You may want to educate yourself before spreading unnecessary FUD. Firefox is free and open source, and always has been. There's no danger in Firefox becoming a paid browser because even if they tried, it would just be forked and maintained by another community or group.
Mozilla does have a for-profit arm called the Mozilla Corporation, and they manage the money received from Google and others. But that doesn't mean Firefox is going to become paid even if Google gets broken up by the antitrust efforts of the US government.
Although thats probably not whats going to happen if google gets broken up but I‘ll still happily pay for firefox just for the sake of breaking up google.
This might be a best case scenario. It won’t happen, Mozilla has been turned into a corporate funds receiver for years. That CEO compensation doesn’t pay for itself. Imagine paying for actual software engineering work.

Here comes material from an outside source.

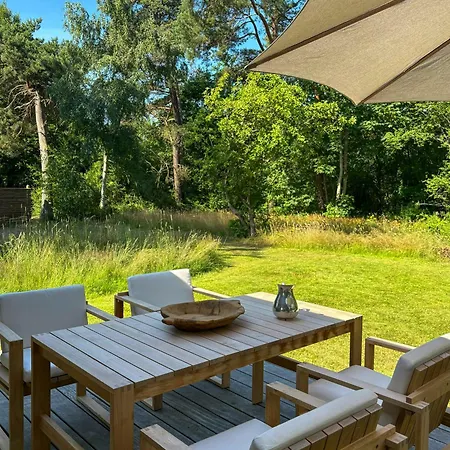 Сasa de vacaciones Nordic Summer House With Orchard In Rageleje Vejby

This is clearly about all the youtube advertisement changes lately. (though maybe with a dolllop of not being happy about their other ads being blocked either) I've not seen a single one on FF with Ublock, no slowdown, no nothing. He was (as I understand it) making changes as needed to stay ahead of or abreast of them. (I already wasn't using their browser long before this.)
He beat them. They didn't crush him with their technical prowess and all their genius engineers, they didn't find a way to legally challenge him (I'm sure they had their lawyers working on it), they didn't find a way to outmaneuver him, the only thing they could do is ban his extension from being used on their browser. Because they literally could not force their shit down our throats as long as we were using it.
So I guess, maybe not a beat for beat fit for the parable, but he's very much the little guy, and they very much are the gigantic IT megacorp, so I think it was a glorious victory.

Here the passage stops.